JVM Notebook: Basic Clojure, Java and JVM Language performance - icey
http://berlinbrowndev.blogspot.com/2009/07/jvm-notebook-basic-clojure-java-and-jvm.html

======
jm4
Here is a seemingly relevant thread from the Clojure group:
[http://groups.google.com/group/clojure/browse_thread/thread/...](http://groups.google.com/group/clojure/browse_thread/thread/289904c1a5deb8d8/07326af651db0ef8?lnk=gst&q=berlin+brown#07326af651db0ef8)

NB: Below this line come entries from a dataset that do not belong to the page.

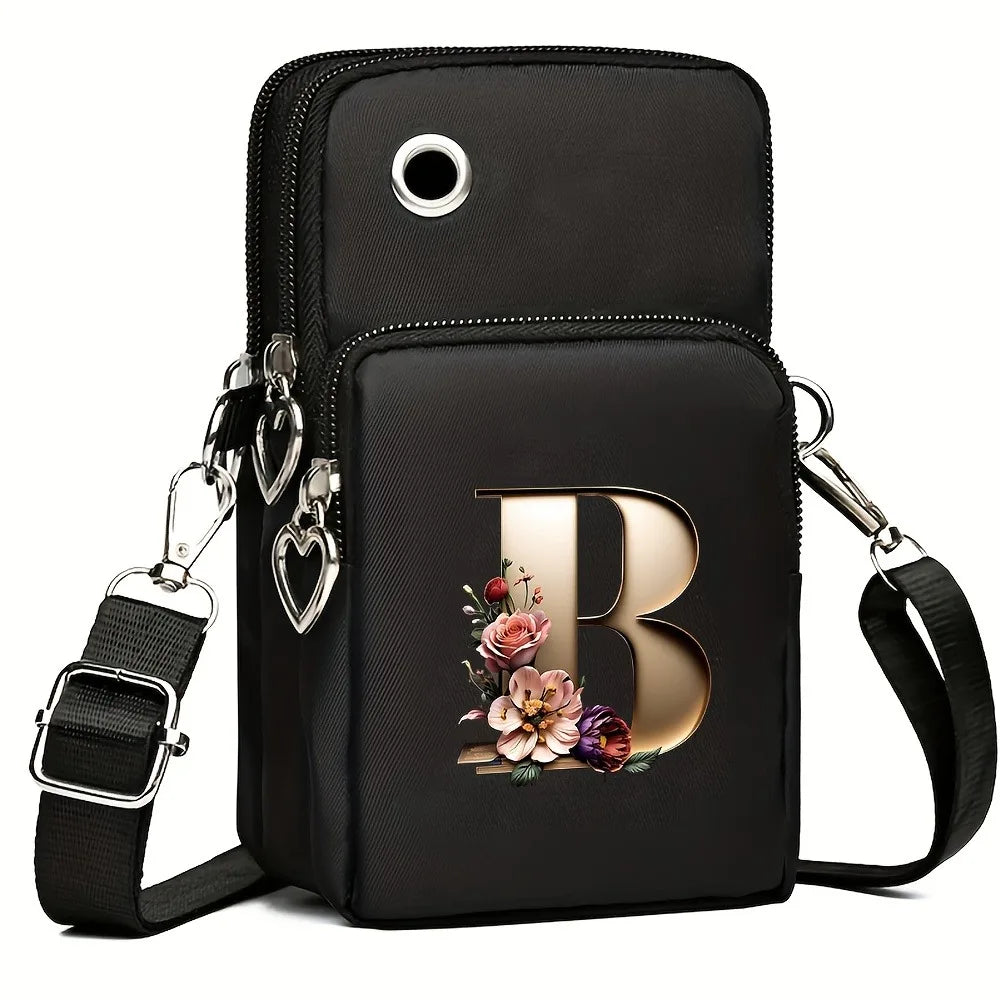 Fashion A-Z Letter Print Women's Crossbody Bag Large Capacity Three-Layer Zipper Phone Bag Daily Travel Coin Purse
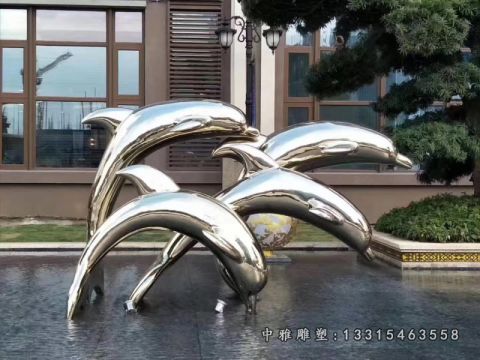 不锈钢跳跃海豚雕塑 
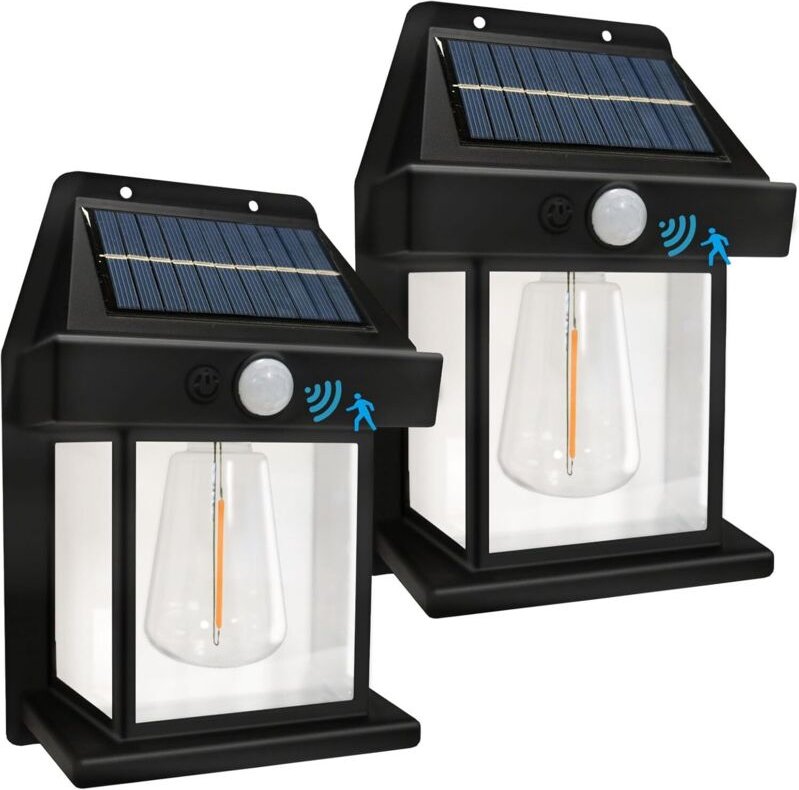 2er Set Solar Wandlampen Tungsten, Bewegungsmelder, 3 Lichtmodi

It was pointed out on there that this is not only a language comparison but a
data structure comparison as well. Also, there are no type hints in the
Clojure code. Without type hints it would be expected to run significantly
slower. It's still an interesting comparison because you would generally only
use type hints in performance bottlenecks. I'd be especially interested in
seeing what kind of difference it would make in this case.

------
radu_floricica
Persistent data structures are a lot slower then mutable ones, so this was no
surprise.

I wonder how clojure would have done with the new transients syntax
(<http://clojure.org/transients>).

------
macnod
Out of curiosity, I wrote a simple non-optimized quicksort function in Common
Lisp (SBCL) and timed a 180,000-element sort at 567ms, about half as much as
the Java version. I'm sure that could be improved greatly with better coding
and type hints.

Here's the code <http://donnieknows.com/blog/sbcl-fast>

------
babo
OK, let's write the performance critical part in Java or Scala and Clojure
wins hands down for the rest, where we spend our development time at most.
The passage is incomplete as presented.